» **Problem to work on**
Only the line with "Picus and CryptoSIM" and the lines after it, to the end of the data, should appear in the answer, each reproduced exactly.

BEGIN Task material

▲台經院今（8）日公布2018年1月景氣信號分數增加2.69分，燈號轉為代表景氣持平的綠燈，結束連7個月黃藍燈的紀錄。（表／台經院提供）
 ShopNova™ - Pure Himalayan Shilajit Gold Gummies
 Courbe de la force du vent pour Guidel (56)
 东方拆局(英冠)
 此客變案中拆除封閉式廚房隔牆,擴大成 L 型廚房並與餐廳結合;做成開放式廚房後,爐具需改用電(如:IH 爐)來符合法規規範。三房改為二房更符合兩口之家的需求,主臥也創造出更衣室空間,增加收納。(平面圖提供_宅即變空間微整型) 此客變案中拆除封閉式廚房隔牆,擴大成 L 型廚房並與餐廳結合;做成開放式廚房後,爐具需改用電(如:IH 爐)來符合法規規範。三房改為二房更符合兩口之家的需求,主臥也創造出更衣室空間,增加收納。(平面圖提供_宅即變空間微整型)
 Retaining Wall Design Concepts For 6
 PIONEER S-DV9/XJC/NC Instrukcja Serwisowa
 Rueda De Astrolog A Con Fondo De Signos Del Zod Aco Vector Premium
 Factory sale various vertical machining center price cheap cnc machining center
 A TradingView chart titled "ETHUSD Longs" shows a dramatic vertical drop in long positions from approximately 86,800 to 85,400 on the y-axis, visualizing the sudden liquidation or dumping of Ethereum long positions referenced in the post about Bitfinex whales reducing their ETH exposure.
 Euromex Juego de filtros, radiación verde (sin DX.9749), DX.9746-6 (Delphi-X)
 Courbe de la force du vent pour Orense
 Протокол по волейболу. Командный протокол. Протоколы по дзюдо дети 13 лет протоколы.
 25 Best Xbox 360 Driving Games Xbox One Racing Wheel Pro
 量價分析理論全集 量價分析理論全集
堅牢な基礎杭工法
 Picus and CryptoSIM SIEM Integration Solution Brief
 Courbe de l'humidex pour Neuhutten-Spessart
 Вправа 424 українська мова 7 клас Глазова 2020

END Task material

» **Task answer**
 Picus and CryptoSIM SIEM Integration Solution Brief
 Courbe de l'humidex pour Neuhutten-Spessart
 Вправа 424 українська мова 7 клас Глазова 2020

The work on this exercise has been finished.